§ **EXERCISE**: Would you please return the line containing "神経まで達してしまったむし歯について　～根管治療～" and all the lines after it through the end of the records below, unchanged and on their own?

§ **TASK INPUT**:
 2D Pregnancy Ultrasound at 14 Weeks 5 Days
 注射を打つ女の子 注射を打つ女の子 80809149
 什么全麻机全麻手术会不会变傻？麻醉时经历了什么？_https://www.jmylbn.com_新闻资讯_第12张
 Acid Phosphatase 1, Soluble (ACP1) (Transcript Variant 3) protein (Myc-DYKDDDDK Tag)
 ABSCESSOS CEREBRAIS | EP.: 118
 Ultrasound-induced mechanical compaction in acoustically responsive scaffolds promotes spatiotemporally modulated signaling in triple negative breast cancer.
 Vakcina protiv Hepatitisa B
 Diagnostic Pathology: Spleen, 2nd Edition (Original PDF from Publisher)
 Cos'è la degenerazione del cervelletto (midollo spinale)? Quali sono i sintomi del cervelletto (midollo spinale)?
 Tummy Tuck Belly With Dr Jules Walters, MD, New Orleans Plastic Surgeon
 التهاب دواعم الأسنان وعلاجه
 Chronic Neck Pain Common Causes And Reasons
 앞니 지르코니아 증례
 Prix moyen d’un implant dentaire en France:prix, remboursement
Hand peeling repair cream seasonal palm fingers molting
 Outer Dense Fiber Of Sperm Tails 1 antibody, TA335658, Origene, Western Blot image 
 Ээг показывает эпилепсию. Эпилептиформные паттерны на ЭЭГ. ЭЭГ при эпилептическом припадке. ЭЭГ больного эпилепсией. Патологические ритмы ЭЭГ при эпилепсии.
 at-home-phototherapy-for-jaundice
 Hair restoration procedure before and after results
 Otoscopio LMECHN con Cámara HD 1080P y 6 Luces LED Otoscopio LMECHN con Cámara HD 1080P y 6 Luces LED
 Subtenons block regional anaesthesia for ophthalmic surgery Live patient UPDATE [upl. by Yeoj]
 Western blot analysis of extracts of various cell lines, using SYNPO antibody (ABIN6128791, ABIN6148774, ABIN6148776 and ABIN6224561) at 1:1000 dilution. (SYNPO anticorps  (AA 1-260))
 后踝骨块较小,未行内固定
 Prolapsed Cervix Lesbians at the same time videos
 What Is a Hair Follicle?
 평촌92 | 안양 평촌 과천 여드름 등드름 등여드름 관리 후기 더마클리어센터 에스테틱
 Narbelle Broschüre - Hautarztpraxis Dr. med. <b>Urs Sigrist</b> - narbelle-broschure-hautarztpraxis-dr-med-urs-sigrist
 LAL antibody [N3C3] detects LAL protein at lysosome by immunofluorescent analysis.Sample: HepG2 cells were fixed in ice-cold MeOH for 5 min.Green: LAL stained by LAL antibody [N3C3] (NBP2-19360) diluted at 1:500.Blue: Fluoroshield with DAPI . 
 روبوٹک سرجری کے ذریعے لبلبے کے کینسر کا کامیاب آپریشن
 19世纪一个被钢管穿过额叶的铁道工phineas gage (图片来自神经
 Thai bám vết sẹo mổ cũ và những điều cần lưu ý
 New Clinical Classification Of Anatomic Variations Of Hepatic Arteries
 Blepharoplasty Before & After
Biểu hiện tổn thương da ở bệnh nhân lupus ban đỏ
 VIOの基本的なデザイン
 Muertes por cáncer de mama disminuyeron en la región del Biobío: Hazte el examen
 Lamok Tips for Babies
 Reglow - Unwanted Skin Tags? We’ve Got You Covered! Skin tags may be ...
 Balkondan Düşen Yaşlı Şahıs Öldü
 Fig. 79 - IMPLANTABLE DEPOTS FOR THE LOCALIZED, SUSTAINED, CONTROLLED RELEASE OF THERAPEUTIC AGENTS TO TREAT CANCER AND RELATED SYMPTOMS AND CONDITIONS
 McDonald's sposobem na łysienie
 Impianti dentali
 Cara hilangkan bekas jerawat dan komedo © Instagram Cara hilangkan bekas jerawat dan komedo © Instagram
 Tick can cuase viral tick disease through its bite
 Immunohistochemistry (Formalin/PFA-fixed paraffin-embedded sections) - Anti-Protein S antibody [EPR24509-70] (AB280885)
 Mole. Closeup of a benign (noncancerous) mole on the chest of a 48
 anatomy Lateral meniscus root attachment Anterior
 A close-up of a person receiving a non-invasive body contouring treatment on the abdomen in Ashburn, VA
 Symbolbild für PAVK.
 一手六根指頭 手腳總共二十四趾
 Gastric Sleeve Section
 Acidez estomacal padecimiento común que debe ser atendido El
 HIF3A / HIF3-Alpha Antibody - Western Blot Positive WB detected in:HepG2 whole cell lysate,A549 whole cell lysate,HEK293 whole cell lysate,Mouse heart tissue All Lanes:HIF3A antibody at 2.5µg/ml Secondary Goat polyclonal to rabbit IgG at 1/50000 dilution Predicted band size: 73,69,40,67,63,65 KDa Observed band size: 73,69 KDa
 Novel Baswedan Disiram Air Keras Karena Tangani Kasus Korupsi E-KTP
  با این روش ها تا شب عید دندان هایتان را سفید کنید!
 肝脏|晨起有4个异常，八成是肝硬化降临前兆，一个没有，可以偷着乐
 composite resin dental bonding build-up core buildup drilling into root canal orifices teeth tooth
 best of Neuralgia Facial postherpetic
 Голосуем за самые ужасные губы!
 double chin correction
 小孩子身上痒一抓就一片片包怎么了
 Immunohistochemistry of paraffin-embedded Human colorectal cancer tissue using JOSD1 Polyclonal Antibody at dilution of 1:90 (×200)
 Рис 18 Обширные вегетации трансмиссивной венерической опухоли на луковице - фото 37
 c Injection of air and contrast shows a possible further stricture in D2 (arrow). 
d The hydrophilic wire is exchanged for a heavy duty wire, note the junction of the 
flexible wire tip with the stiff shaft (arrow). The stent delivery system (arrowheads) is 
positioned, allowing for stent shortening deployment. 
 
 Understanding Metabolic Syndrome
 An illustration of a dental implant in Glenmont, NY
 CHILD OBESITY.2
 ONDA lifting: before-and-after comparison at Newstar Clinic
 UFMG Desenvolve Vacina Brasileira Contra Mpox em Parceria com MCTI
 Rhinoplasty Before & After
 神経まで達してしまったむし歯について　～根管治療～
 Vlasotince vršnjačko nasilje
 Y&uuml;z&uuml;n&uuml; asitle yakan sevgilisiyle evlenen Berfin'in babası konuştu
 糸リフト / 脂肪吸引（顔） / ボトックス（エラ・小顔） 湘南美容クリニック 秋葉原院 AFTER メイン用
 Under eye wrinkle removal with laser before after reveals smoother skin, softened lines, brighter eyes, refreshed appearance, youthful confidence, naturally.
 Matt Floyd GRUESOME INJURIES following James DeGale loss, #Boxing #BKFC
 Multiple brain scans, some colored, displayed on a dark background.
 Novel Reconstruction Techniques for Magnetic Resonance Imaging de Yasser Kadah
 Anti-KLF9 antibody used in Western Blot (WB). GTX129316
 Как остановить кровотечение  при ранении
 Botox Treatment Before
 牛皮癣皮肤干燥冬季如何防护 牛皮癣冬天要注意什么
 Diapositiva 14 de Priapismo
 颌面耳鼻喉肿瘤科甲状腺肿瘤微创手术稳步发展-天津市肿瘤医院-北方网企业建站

§ **ANSWER SECTION**:
 神経まで達してしまったむし歯について　～根管治療～
 Vlasotince vršnjačko nasilje
 Y&uuml;z&uuml;n&uuml; asitle yakan sevgilisiyle evlenen Berfin'in babası konuştu
 糸リフト / 脂肪吸引（顔） / ボトックス（エラ・小顔） 湘南美容クリニック 秋葉原院 AFTER メイン用
 Under eye wrinkle removal with laser before after reveals smoother skin, softened lines, brighter eyes, refreshed appearance, youthful confidence, naturally.
 Matt Floyd GRUESOME INJURIES following James DeGale loss, #Boxing #BKFC
 Multiple brain scans, some colored, displayed on a dark background.
 Novel Reconstruction Techniques for Magnetic Resonance Imaging de Yasser Kadah
 Anti-KLF9 antibody used in Western Blot (WB). GTX129316
 Как остановить кровотечение  при ранении
 Botox Treatment Before
 牛皮癣皮肤干燥冬季如何防护 牛皮癣冬天要注意什么
 Diapositiva 14 de Priapismo
 颌面耳鼻喉肿瘤科甲状腺肿瘤微创手术稳步发展-天津市肿瘤医院-北方网企业建站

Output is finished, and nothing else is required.